A spotlight on load shedding
Load shedding has led to significant revenue losses, with the most recent figures presented by technology company, Yoco, suggesting that about 30% of small businesses have lost up to 10% of their annual revenue due to the onset of load shedding. There are several theories on how much longer load shedding will continue, with one source suggesting that it could persist well into 2025. The general consensus, however, is that it is a South African reality for which small businesses need to prepare.
Botha offers the following tips for SMEs on how to reduce the effects of load shedding:
- Surge protect your property
With small businesses playing such a crucial role in the subsistence of South Africa’s economy, finding innovative ways to mitigate load shedding needs to be a priority. At a minimum, SMEs should have preventative measures in place to reduce damage to their property, which includes installing surge protection plugs.
- Install a backup power source
Another way to avoid incurring severe revenue losses as a result of load shedding is to invest in battery-powered backup technologies like point-of-sale devices, so that sales can still be processed when the electricity is cut off.
With the wide variety now available, SMEs should be able to find battery-powered solutions that meet their needs. Portable nano solutions are relatively cost-effective when compared to the potential revenue loss of being completely unable to operate. Solar powered backup generators are also viable options for larger businesses, especially where factors like food storage need to be taken into account. A good, practical exercise for SME owners would be to add up the line item costs of undergoing a complete shutdown during load shedding versus the initial outlay of a backup power source or the cost of going completely green for your building. In the vast majority of cases, the cost saving potential of backup energy or going green justifies the initial investment especially with finance that comes with rebates as with the Business Partners Ltd’s Green Buildings Finance programme.
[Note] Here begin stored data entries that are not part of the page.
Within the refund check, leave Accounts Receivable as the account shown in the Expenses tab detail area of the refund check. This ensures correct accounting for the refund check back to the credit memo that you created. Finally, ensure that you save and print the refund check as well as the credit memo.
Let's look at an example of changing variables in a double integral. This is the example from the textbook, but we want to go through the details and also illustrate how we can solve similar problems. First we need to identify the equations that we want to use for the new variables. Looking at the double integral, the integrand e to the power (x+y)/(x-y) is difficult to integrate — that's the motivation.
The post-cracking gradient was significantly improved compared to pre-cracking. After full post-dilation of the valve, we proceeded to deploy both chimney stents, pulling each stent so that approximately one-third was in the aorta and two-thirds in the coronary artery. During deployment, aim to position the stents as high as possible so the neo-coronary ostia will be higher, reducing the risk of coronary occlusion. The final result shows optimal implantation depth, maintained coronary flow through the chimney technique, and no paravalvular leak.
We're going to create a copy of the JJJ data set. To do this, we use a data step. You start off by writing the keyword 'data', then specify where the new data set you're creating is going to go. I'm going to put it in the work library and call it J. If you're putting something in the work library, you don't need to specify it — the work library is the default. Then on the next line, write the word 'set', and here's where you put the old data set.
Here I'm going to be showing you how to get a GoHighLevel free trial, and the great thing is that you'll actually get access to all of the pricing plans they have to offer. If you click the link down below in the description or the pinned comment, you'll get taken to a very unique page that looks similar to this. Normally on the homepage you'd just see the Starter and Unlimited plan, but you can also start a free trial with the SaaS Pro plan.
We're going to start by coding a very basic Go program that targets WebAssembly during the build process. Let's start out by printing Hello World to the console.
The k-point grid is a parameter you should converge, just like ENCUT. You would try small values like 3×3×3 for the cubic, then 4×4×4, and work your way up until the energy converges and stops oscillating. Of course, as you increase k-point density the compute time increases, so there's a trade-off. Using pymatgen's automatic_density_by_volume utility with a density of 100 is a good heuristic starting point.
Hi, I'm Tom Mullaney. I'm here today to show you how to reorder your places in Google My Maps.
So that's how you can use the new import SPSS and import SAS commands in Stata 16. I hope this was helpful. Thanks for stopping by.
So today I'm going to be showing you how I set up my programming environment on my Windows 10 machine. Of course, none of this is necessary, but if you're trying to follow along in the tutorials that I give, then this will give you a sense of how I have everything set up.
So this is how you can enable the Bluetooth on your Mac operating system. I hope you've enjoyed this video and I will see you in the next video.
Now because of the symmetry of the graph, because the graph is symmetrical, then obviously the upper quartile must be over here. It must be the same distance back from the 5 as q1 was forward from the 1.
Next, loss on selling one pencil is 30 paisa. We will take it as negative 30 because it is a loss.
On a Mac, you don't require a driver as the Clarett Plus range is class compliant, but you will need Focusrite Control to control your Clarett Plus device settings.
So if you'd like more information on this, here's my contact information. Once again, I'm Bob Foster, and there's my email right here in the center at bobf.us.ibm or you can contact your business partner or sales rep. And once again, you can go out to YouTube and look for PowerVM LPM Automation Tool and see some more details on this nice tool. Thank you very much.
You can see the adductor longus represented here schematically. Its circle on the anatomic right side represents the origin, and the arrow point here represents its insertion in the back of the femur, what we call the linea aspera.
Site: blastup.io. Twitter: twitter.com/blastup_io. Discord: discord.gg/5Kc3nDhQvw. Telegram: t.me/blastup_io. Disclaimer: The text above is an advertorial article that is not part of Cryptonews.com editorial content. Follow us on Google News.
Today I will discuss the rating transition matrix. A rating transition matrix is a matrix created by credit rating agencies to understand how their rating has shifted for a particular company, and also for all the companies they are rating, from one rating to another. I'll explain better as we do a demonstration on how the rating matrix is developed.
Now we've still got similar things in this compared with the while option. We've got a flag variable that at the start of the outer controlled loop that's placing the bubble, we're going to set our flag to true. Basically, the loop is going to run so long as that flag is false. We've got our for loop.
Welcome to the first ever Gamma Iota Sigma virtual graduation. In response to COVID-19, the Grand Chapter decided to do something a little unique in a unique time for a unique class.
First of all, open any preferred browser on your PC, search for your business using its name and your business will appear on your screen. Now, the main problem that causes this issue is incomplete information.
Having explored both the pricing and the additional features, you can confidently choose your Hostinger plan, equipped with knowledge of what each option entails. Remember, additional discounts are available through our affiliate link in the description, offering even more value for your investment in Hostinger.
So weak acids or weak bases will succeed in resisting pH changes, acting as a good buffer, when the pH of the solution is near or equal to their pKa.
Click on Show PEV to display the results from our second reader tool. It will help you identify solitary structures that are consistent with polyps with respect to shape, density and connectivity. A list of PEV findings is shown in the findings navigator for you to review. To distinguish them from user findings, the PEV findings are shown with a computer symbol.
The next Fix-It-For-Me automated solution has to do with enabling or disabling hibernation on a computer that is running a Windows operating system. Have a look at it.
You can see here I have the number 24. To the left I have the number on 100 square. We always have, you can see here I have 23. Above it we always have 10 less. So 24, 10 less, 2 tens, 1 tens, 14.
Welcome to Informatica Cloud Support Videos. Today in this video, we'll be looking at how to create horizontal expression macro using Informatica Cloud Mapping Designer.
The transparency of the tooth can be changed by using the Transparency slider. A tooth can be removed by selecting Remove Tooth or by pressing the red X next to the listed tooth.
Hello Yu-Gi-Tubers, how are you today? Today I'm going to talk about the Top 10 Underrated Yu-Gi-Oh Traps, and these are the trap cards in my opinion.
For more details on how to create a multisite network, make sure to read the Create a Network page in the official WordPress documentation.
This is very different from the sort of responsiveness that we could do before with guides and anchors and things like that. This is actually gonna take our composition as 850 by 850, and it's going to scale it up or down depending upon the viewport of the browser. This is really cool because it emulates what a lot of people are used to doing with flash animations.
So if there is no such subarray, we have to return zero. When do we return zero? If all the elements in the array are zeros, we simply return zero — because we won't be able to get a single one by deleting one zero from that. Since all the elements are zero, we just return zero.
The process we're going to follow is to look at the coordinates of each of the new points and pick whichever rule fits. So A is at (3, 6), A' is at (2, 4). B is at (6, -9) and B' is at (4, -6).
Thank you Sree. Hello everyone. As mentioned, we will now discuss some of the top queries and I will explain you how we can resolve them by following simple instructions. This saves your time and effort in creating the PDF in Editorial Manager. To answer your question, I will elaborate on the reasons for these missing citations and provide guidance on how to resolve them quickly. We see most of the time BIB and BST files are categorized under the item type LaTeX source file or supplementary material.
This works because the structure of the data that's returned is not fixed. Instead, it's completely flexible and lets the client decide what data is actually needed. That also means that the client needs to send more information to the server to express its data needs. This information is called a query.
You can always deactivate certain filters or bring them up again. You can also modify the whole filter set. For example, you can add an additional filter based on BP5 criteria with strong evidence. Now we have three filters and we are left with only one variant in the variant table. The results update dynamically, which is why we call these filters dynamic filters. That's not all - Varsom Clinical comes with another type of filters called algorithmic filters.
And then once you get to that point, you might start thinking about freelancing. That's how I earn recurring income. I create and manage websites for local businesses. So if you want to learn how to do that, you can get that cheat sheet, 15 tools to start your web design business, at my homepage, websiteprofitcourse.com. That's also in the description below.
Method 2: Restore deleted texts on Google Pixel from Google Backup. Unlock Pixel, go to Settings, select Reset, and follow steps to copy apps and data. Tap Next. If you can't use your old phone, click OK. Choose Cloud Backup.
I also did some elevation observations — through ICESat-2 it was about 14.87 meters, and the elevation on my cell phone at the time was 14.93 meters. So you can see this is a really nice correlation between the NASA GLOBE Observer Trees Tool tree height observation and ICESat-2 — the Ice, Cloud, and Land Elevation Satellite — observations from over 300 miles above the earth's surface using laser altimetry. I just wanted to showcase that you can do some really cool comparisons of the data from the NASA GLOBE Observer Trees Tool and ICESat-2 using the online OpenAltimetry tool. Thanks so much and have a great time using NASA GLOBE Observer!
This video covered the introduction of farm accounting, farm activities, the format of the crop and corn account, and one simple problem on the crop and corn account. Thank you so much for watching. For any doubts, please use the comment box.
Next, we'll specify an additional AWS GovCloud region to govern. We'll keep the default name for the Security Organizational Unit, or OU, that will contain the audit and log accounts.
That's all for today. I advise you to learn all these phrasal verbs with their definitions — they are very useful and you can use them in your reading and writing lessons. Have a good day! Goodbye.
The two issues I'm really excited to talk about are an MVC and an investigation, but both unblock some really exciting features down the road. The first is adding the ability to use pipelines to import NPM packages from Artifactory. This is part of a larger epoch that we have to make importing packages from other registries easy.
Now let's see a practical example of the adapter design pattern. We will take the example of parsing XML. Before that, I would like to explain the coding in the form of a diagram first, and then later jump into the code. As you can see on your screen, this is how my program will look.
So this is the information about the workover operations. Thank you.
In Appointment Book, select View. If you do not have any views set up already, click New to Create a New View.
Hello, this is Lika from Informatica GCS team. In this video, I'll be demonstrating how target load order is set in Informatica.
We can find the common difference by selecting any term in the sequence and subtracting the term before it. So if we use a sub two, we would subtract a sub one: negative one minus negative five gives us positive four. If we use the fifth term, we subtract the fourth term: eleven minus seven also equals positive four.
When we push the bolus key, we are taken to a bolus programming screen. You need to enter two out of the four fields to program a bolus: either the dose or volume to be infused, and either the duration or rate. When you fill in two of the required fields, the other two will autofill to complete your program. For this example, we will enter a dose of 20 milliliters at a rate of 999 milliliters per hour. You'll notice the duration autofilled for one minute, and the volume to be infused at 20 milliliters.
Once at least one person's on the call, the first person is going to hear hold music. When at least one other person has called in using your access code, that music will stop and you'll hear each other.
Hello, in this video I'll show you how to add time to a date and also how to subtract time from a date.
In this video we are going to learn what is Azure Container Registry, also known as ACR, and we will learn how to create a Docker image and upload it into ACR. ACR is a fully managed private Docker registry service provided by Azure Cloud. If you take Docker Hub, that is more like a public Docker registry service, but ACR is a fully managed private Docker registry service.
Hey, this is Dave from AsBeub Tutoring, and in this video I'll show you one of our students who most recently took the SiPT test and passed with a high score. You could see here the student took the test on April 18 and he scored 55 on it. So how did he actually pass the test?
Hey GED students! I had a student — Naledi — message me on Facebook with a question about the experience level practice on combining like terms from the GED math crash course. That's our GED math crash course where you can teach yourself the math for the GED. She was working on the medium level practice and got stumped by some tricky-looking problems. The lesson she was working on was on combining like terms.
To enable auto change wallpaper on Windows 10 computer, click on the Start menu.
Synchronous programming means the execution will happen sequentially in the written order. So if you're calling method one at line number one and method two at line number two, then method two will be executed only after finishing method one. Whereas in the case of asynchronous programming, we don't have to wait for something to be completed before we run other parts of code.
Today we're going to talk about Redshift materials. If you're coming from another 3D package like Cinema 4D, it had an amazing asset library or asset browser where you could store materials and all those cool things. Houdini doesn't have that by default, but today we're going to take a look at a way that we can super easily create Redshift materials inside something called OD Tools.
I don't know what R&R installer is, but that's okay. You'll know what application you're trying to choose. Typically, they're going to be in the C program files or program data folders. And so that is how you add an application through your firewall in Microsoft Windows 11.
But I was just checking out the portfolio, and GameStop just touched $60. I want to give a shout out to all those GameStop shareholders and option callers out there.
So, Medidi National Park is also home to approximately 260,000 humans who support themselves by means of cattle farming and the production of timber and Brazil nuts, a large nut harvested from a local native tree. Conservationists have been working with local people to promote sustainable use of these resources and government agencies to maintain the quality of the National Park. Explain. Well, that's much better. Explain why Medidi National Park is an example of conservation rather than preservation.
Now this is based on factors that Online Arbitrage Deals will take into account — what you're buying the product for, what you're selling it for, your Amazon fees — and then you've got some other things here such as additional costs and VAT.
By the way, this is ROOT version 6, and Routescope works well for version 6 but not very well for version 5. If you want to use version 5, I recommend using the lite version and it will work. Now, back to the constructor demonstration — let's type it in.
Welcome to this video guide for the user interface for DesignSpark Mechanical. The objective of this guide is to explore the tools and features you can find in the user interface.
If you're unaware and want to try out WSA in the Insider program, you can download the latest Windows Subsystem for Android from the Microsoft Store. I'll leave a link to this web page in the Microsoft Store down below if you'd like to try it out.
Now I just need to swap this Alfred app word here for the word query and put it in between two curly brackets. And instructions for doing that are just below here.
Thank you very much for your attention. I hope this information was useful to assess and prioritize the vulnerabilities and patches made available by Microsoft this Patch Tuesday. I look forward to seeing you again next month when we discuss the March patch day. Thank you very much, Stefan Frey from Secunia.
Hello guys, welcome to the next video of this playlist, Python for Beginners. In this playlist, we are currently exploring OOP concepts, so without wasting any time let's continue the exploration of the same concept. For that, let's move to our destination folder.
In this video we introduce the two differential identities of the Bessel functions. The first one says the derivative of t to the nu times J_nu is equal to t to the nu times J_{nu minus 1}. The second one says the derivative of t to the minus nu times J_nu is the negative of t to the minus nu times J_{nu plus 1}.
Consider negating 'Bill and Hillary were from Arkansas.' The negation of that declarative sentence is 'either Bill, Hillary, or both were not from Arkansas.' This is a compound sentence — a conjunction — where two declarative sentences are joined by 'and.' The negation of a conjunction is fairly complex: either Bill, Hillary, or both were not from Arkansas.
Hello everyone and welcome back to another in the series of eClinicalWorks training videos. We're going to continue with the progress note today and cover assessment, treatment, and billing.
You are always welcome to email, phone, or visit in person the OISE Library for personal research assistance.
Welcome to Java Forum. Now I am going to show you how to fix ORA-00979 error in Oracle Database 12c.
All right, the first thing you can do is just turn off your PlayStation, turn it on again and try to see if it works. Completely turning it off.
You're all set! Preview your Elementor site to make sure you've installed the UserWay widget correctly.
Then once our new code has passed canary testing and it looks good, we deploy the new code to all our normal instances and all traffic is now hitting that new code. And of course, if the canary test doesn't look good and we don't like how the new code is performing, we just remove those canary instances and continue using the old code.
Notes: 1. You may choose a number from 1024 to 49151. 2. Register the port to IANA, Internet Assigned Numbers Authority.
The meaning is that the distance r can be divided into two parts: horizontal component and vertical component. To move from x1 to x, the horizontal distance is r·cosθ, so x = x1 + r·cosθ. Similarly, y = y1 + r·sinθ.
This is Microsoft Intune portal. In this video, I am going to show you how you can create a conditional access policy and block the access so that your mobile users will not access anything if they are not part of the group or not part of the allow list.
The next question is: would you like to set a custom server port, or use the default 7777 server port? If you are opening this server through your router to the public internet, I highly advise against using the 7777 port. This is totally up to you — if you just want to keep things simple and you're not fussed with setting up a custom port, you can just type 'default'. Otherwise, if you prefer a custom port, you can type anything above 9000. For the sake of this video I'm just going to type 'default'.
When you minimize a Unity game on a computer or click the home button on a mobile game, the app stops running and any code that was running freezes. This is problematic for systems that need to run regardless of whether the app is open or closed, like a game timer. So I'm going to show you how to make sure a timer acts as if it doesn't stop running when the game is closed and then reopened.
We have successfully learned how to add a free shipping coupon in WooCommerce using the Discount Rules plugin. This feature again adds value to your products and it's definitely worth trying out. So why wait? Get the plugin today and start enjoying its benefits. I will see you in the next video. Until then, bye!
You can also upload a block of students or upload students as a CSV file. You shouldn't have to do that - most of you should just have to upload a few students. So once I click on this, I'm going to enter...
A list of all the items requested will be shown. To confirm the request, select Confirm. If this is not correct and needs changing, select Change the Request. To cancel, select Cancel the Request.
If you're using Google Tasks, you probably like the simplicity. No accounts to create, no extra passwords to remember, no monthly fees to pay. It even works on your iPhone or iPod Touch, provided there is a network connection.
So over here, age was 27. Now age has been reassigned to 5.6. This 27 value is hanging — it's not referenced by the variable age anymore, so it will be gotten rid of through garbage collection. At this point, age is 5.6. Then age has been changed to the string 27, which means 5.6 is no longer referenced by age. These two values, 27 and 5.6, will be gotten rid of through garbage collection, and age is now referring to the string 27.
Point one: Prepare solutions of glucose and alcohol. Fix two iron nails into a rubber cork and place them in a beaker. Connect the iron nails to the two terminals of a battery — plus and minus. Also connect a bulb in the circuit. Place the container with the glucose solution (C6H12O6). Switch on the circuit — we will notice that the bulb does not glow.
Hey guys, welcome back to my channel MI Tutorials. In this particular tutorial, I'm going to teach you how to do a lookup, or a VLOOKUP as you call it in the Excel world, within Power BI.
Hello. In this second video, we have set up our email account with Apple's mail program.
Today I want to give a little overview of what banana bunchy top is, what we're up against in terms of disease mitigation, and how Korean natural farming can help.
The effects of the fuel price hike
Hikes in fuel prices affect South African small businesses across several sectors. SMEs who deliver or collect goods, or transport people as part of their business model are directly impacted. Small businesses are also affected indirectly when supplier prices escalate in order to accommodate rising fuel prices. From a macroeconomic perspective, fuel hikes can drastically reduce consumers’ disposable and spending power, which can also have a knock-on effect on an SME’s bottom-line.
Botha offers the following tips on how small businesses can mitigate the effects of the fuel price increase:
- Prioritise vehicle maintenance
Depending on the vehicle being used, there are ways to maintain a car to ensure that its fuel consumption remains relatively low. For example, tyres that are underinflated have a higher rolling resistance on the road, which generates excess friction and increases fuel consumption in the long run. Tyre pressure should be checked at least once a month, engines need to be serviced frequently and air filters should be kept cleaned.
- Optimise your travel arrangements
Technology is a powerful enabler when it comes to finding ways to be more fuel-efficient. Navigation apps like Google Maps and Waze collate millions of data points to provide users with accurate information on traffic capacities and alternative, faster routes. By using these apps to avoid peak traffic times, SMEs can reduce their fuel input cost. Incremental savings in the short-term can accumulate into longer term savings.
SMEs who deliver goods can introduce set delivery slots and use digital tools to position these slots within hours that roads are relatively free of traffic. This can be marketed to customers effectively by emphasising how set delivery times will help goods recipients to plan their schedules more efficiently.